===== Input data

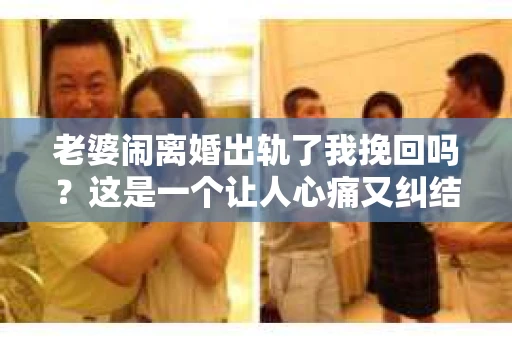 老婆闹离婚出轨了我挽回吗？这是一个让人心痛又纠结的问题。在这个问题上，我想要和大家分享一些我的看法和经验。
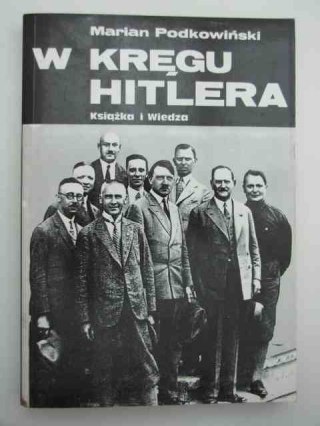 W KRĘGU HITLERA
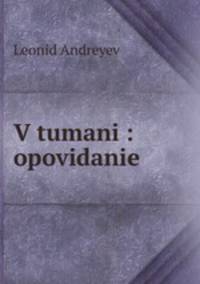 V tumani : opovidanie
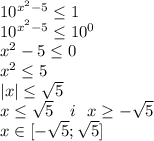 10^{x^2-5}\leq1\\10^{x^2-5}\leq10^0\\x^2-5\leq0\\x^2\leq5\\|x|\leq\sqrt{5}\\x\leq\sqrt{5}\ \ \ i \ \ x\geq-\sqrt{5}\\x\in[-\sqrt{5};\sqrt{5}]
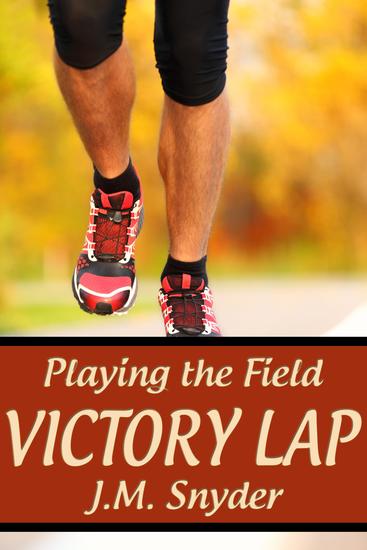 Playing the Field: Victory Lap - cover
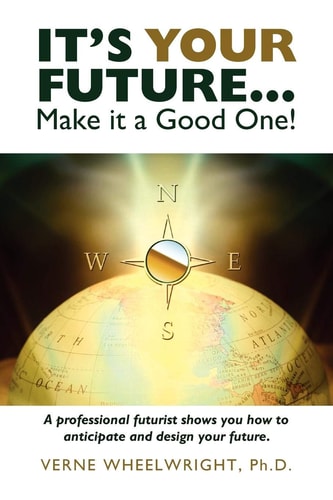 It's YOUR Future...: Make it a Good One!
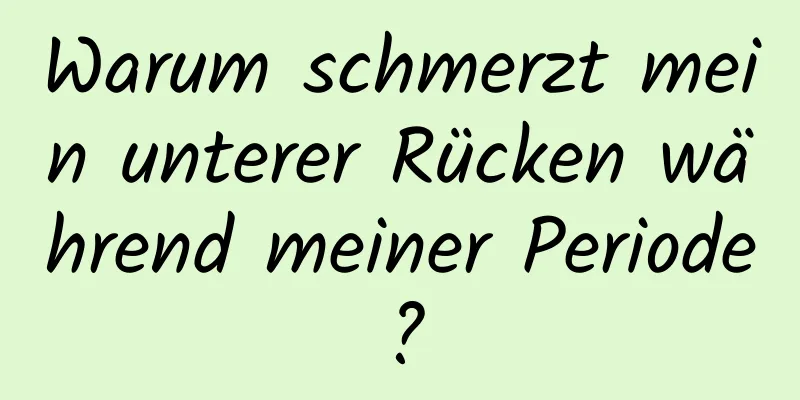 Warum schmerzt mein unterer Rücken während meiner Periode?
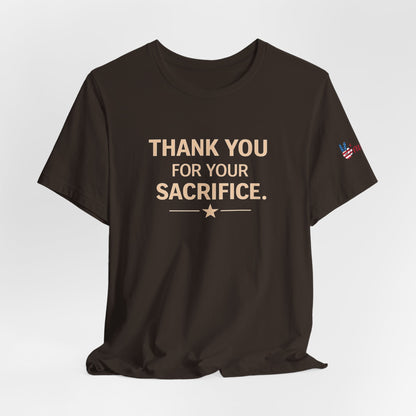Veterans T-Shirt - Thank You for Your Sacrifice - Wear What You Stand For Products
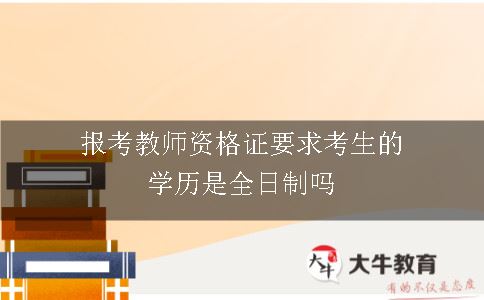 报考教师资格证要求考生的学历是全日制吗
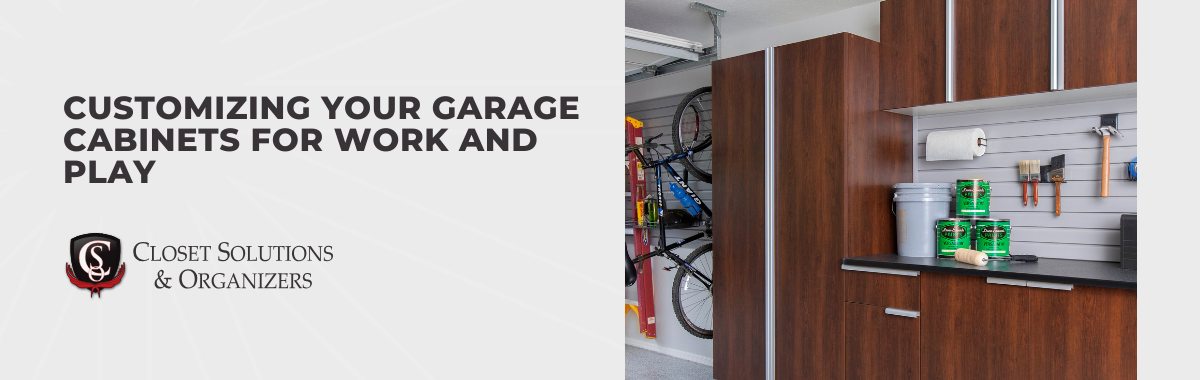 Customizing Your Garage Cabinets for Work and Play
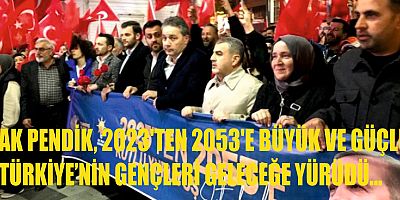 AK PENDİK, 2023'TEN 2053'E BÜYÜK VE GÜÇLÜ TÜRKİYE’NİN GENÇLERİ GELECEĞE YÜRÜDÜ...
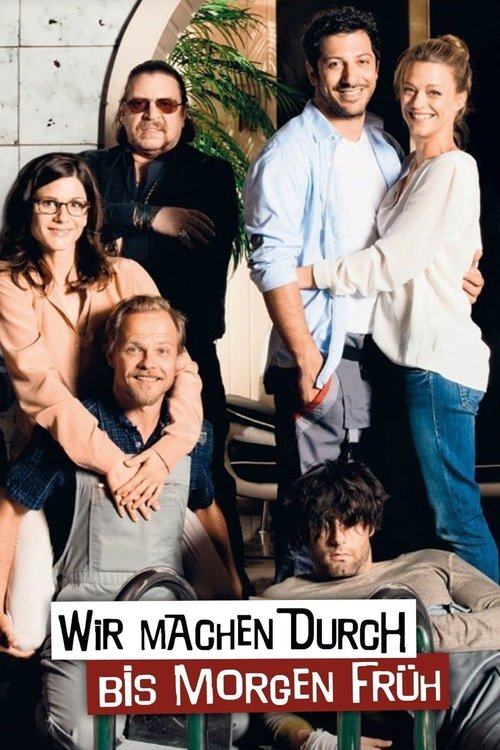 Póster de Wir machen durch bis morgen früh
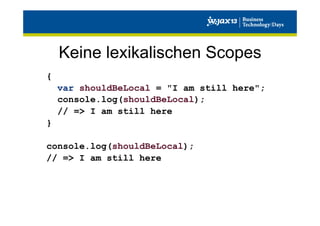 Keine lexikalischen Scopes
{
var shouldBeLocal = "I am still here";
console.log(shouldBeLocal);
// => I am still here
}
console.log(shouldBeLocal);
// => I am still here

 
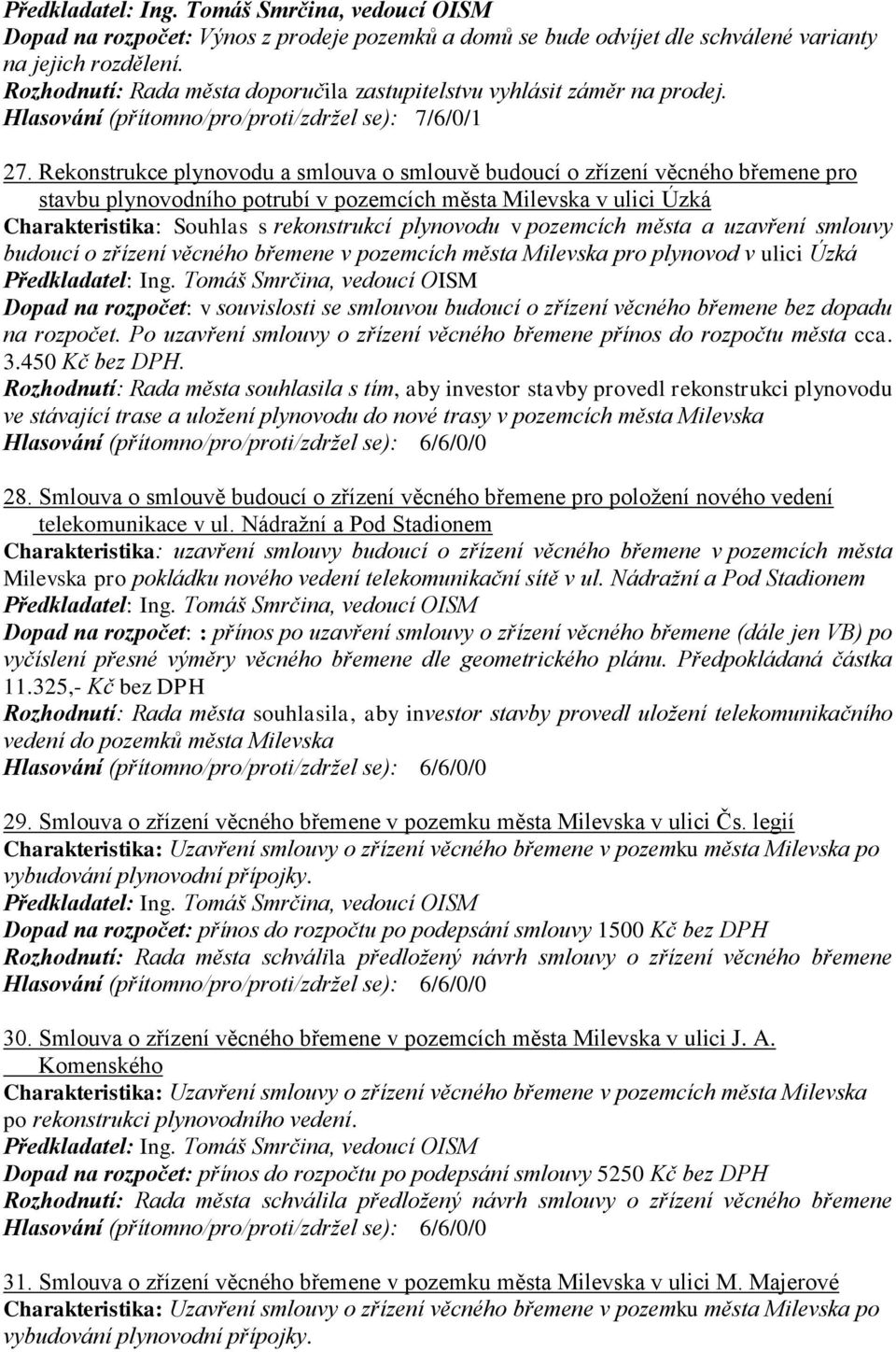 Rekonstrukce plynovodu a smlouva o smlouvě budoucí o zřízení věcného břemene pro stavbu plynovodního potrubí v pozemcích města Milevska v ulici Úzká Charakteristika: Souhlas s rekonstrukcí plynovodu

==========
===== Input data

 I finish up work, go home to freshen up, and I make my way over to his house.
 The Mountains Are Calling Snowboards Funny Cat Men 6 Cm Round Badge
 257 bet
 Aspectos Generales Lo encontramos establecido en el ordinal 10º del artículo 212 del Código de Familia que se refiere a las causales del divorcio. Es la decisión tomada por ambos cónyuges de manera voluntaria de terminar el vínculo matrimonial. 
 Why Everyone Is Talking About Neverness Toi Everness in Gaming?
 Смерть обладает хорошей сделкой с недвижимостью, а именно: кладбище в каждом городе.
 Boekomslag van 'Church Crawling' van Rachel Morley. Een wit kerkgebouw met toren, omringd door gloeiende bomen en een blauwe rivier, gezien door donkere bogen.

==========
===== Input data

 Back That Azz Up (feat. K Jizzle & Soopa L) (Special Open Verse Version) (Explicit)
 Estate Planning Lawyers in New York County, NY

==========

Look above for the line holding "The Mountains Are" and the line holding "Boekomslag van 'Church", then output exactly those two lines and every line between them, nothing more.

Result of this exercise
 The Mountains Are Calling Snowboards Funny Cat Men 6 Cm Round Badge
 257 bet
 Aspectos Generales Lo encontramos establecido en el ordinal 10º del artículo 212 del Código de Familia que se refiere a las causales del divorcio. Es la decisión tomada por ambos cónyuges de manera voluntaria de terminar el vínculo matrimonial. 
 Why Everyone Is Talking About Neverness Toi Everness in Gaming?
 Смерть обладает хорошей сделкой с недвижимостью, а именно: кладбище в каждом городе.
 Boekomslag van 'Church Crawling' van Rachel Morley. Een wit kerkgebouw met toren, omringd door gloeiende bomen en een blauwe rivier, gezien door donkere bogen.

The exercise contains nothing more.